BTW here I'm explicitly hoping that you're not asking me to figure this out. :-)

Definitely not. I want to learn and figure it out :).

All this information has been super helpful. I have some ideas on how to do this. Thanks!

No problem! Let me know if I can help further. :-)

So I'm making some progress understanding how to block URLs, but file URLs are baffling me.

Even though file URLs seem to come through nsBaseChannel::ClassifyURI and nsChannelClassifier::StartInternal, they can't actually be cancelled (mChannel->Cancel(NS_ERROR_BLOCKED_BY_POLICY) has no effect).

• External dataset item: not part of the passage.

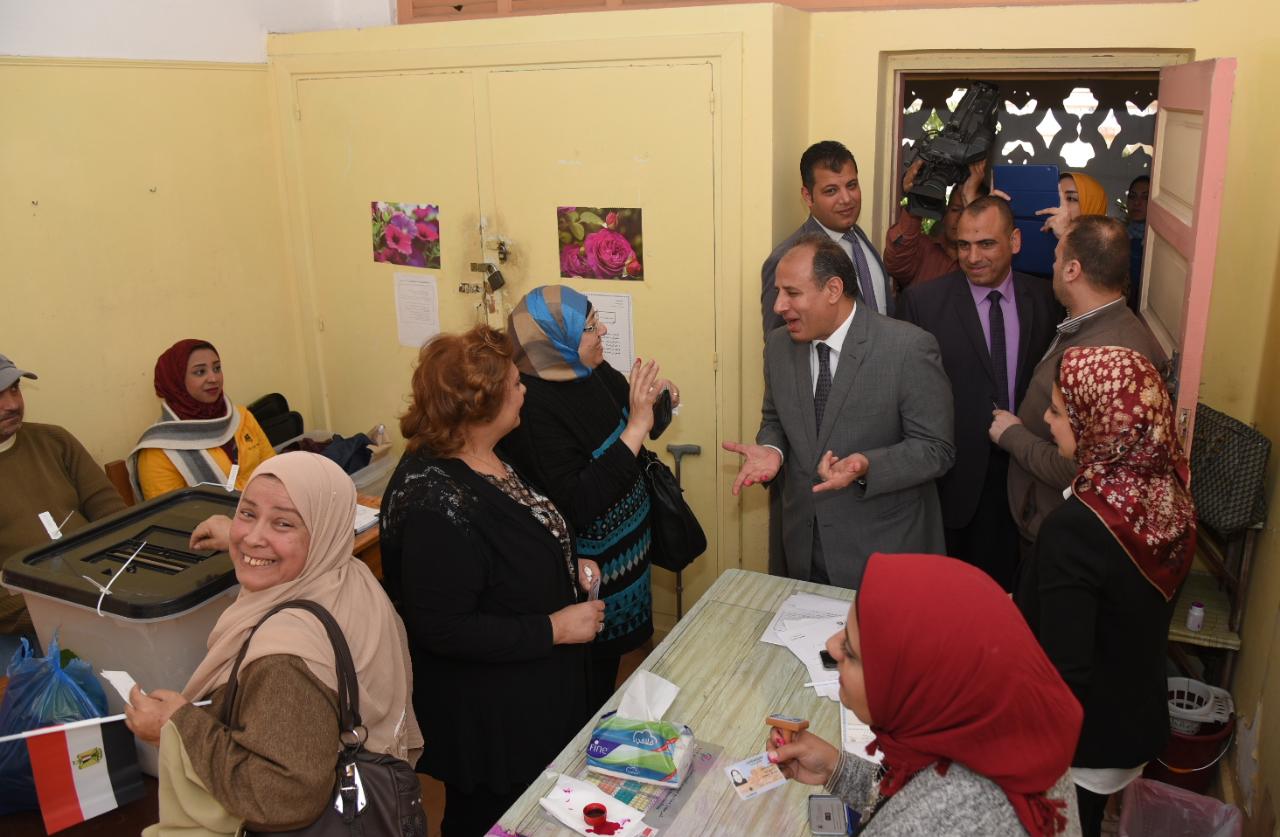 محافظ الاسكندرية يتفقد اللجان الانتخابية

Is there some other place where I can cancel local file channels? I don't see anything obvious in FileChannel*.cpp

Is it because file URLs are somehow sync versus async maybe?

Calling Cancel() should work whether or not the channel has been opened synchronously. It is indeed how the channel classifier cancels channels when it finds e.g. a phishing channel. Maybe the problem is somewhere else, for example with asynchronously opened channels you need to pause them first if you're going to do some async work before determining whether or not you'd like to call Cancel(), and if you don't you should resume (see how nsChannelClassifier does this.) If that's not the issue perhaps looking at the Necko logs and/or what happens when Cancel() is called under the debugger can tell you more about why it doesn't work.